Home truths
One of the coolest parts of my work is to get advanced copies of books I’m dying to read and tell you what I think of them. Carolyn Whitzman’s excellent Home Truths in one you won’t want to miss when it becomes available in a couple of weeks.
In my Ottawa Citizen column I call it a unicorn. As someone who’s published a dozen books, I can tell you writing something that’s clear and concise yet well-researched and comprehensive is freaking hard. Whitzman manages to accomplish this, giving readers a complete picture of what caused the current crisis and how we can fix it.
I write these lines at Newark airport, waiting for my connecting flight to Ottawa. I got to spend a lovely week in Huntsville, Alabama, as I enjoy doing every chance I get. I fell in love with this city three years ago and am fortunate to have beautiful friends there who treat me to all manner of wonderful experiences, from swimming in the Tennessee River (enthusiastic thumbs up) to eating fried alligator (meh) to petting backyard goats (yippee).

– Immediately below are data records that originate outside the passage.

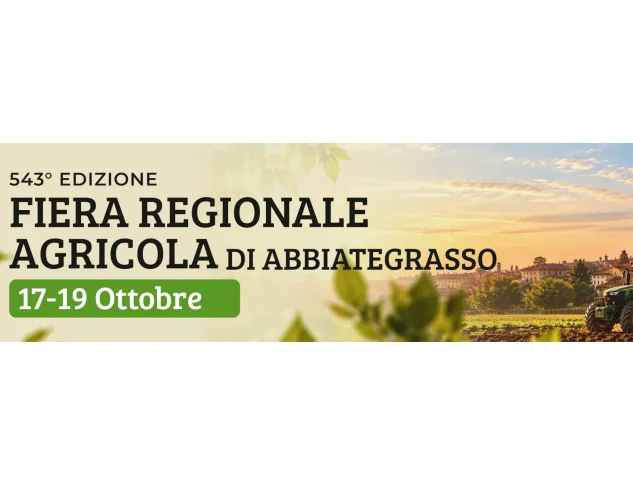 FIERA REGIONALE AGRIGOLA DI ABBIATEGRASSO - 543a EDIZIONE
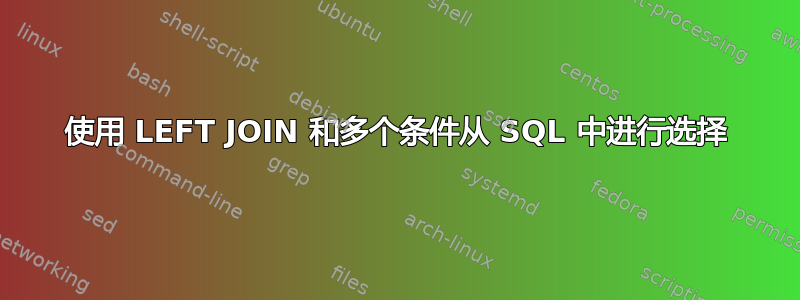 使用 LEFT JOIN 和多个条件从 SQL 中进行选择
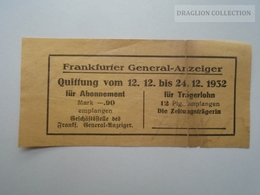 D162647  Frankfurter General Anzeiger - Quittung  1932  Mark -.90 - 1900 – 1949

Huntsville is also an endlessly fascinating study in how to build a city right. One that works for most of the people who live there. Not for nothing has it been named (often) one of the top ten cities to live in the United States.
One thing I’ve observed over the last three years is the real-estate revolution happening throughout the city. Houses are renovated or (more often than not) replaced by newer ones, and everywhere new apartment buildings are popping up. Not towers like we see in Ottawa. Buildings of four or six stories.
In 2023 Huntsville built over 8,400 new housing units, for a population that is a little under 250,000 people. If Ottawa built housing at the same rate, we’d see more than 33,000 new homes built every year. Think about what that would mean…
The building boom in Huntsville has not been universally welcomed, to put it gently. There are real concerns that so much gentrification and the tearing down of projects result in vulnerable tenants being pushed into even worse living conditions. And all the many thousands of new rental units being built are market rentals; not especially designed to be affordable — although they are cheaper than anything you can find in Ottawa even taking into account the exchange rate.
Huntsville is a dynamic and fast-growing city for many reasons. Among the ones that really get my attention: It’s pleasant to live there. In addition to bountiful housing options there are all kinds of places for people like the excellent Stovehouse and my absolute fav, the Lowe Mill Arts & Entertainment Center.
It’s not a great comment on Ottawa — the capital city of a G7 country with over a million people including some very smart and creative humans — to get its ass kicked like that by a much smaller Northern Alabama town. As much as I love Huntsville and plan on continuing to spend as much time there as I can get away with, I want Ottawa to have enough ambition to be at least as good to live in as the Rocket City.